Problem requirements: All that should be output is the block of lines below from the line with "Stone Island Grey" to the line with "Rochie de ocazie, crem - 3", both included, exactly as written.

(Web page caption snippets)
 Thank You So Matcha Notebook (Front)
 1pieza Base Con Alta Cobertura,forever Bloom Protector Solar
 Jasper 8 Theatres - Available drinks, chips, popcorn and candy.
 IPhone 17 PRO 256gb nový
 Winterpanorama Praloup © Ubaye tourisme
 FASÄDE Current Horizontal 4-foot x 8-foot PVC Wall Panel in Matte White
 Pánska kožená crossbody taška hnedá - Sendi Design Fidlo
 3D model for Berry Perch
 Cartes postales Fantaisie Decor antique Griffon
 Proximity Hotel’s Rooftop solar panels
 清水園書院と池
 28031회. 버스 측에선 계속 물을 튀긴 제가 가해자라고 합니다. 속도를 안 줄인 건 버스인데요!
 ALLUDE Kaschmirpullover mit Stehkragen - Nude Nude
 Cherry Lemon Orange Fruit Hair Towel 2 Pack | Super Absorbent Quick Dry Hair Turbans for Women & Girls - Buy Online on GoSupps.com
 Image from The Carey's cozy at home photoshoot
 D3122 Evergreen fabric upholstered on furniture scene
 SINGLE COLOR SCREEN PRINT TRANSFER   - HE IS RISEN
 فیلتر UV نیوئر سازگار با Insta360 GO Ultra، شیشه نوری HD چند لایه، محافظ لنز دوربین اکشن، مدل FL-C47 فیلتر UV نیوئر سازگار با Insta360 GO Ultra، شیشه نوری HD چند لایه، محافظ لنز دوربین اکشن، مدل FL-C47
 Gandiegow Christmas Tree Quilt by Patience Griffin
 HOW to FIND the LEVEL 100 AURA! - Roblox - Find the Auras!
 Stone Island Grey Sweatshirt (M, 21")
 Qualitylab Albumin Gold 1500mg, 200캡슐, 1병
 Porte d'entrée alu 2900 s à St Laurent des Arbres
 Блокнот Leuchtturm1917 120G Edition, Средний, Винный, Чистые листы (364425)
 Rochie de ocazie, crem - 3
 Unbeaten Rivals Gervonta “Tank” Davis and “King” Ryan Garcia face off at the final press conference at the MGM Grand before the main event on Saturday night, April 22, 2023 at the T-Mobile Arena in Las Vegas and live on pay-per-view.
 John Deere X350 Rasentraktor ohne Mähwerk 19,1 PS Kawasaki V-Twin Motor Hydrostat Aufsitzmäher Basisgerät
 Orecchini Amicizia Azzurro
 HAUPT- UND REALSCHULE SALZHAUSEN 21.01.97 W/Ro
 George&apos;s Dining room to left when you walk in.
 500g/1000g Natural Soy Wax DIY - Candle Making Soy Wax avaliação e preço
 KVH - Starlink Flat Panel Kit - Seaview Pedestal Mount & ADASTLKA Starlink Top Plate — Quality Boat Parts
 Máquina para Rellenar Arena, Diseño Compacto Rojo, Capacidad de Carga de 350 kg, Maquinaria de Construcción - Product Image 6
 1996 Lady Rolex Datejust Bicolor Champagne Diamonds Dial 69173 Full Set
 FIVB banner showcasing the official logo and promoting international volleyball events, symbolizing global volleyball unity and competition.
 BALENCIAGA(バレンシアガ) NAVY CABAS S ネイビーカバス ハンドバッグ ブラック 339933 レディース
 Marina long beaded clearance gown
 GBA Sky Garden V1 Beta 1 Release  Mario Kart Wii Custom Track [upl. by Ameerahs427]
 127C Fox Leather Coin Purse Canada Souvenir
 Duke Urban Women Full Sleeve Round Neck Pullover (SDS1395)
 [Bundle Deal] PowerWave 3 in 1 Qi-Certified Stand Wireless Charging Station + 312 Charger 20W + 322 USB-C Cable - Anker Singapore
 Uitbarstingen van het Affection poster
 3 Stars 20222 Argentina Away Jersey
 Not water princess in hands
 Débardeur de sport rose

Response:
 Stone Island Grey Sweatshirt (M, 21")
 Qualitylab Albumin Gold 1500mg, 200캡슐, 1병
 Porte d'entrée alu 2900 s à St Laurent des Arbres
 Блокнот Leuchtturm1917 120G Edition, Средний, Винный, Чистые листы (364425)
 Rochie de ocazie, crem - 3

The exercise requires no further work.